The event’s introductory keynote speech as given by Juan R. “Chago” Santiago, Vice President of Systems Engineering Practice and Business Intelligence at CIO Services Group. He is very motivational and encouraging, identifying his attitude as his number one asset and reason for his long-enduring success in technology. I whole-heartedly agree with his statement that “obstacles and challenges are just opportunities for growth”.
My other favorite session was with Mr. Al Pickett, Vice President of Diversity at Start Co. in Memphis, TN. He presented his “Business Model Canvas” concept for the entrepreneur track. Al Pickett is also author of “The Blackprint: New Rules for Winning – Finance, Freedom, and Flexibility“.
My 2 Cents on Future Improvements:
* More Lead Time/Stronger Marketing Campaign: I found out 2 days prior from a friend about the event.
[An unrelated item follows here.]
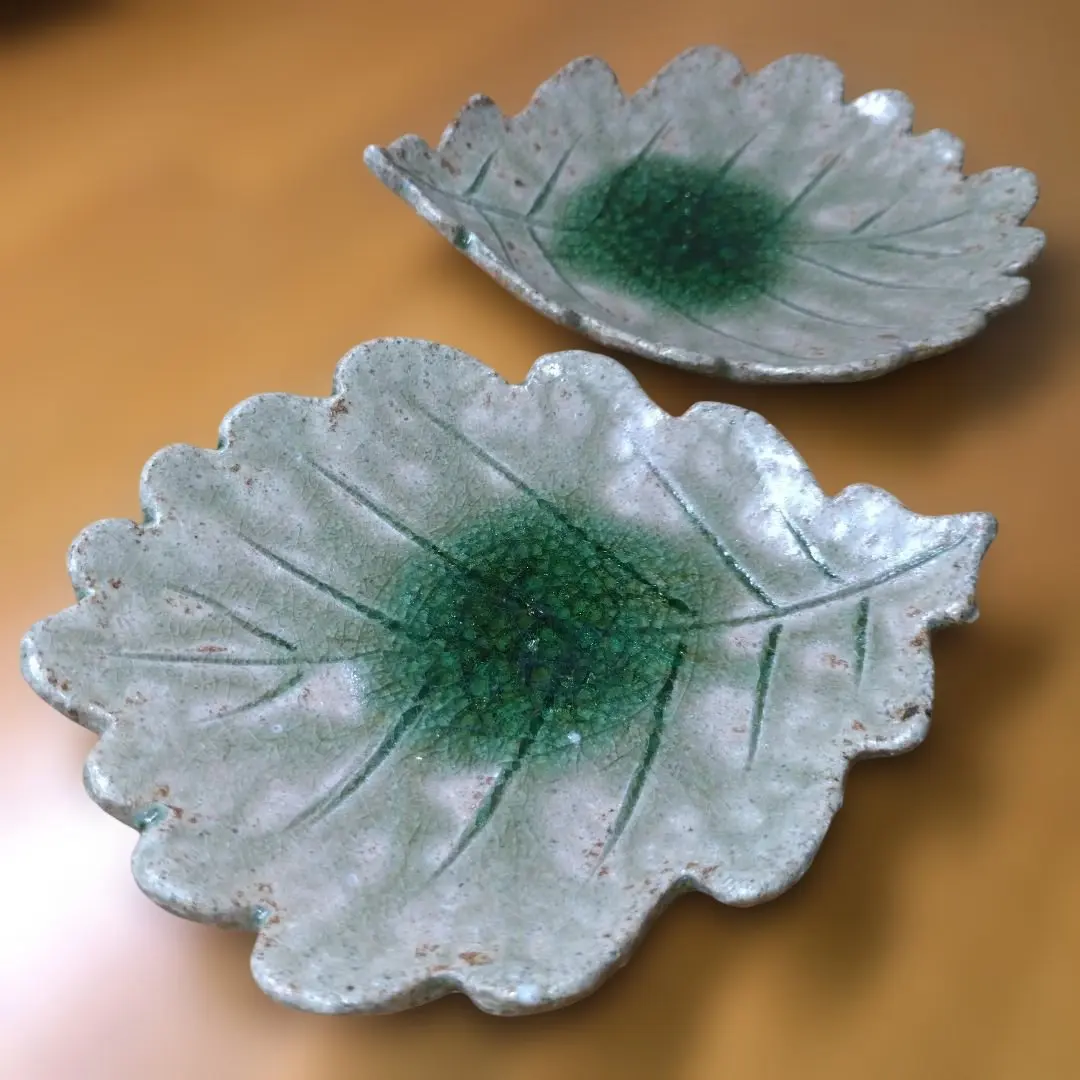 Thumbnail of 【Unused & Further Reduced Price】Set of 2 Rustic Leaf-Shaped Plates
Up to that point I hadn’t noticed any social media promotions or any other form of advertisement. This to me is why the turn-out wasn’t as robust as it should’ve been
* 30-Minute Sessions instead of 1-Hour Sessions: Yes most attendees are full-on geeks and techies, but that doesn’t change the natural attention-span of most people. Give the same great material but in smaller doses of time.
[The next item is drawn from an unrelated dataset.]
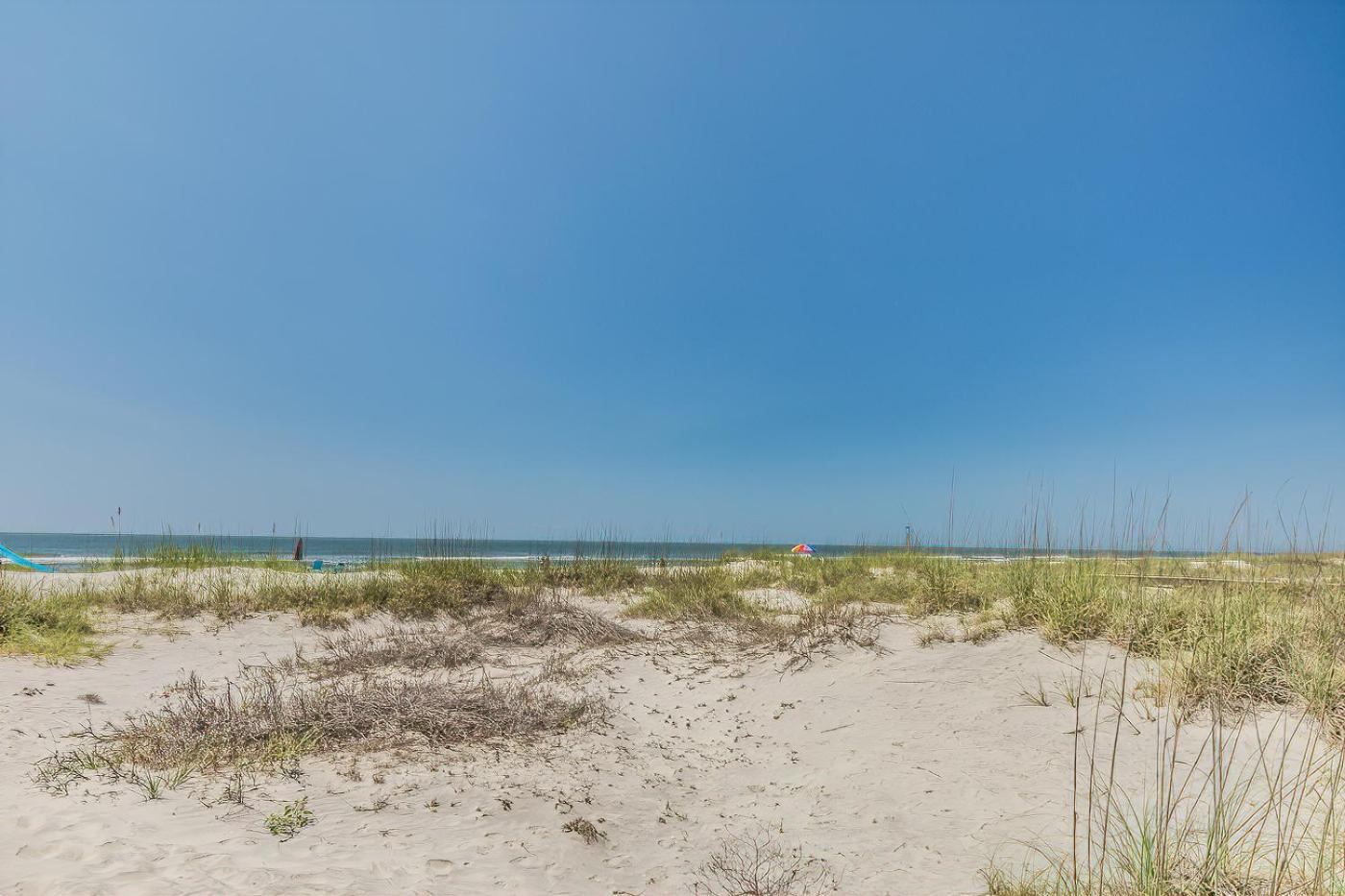 JOHN FRIPP VILLA - Ocean Views - Three Bedrooms Sleeps 8 view 3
* Cooler Tee-Shirt Design: This might seem nit-picky, but this is something I see as an opportunity to form a stronger bond between the tech community and the art community. Why not have local artists submit competing designs, and then have potential attendees vote on which design they want as an incentive to show up and as part of the promotional efforts leading up to the event? This improvement may also help to diversify the crowds who attend in the future.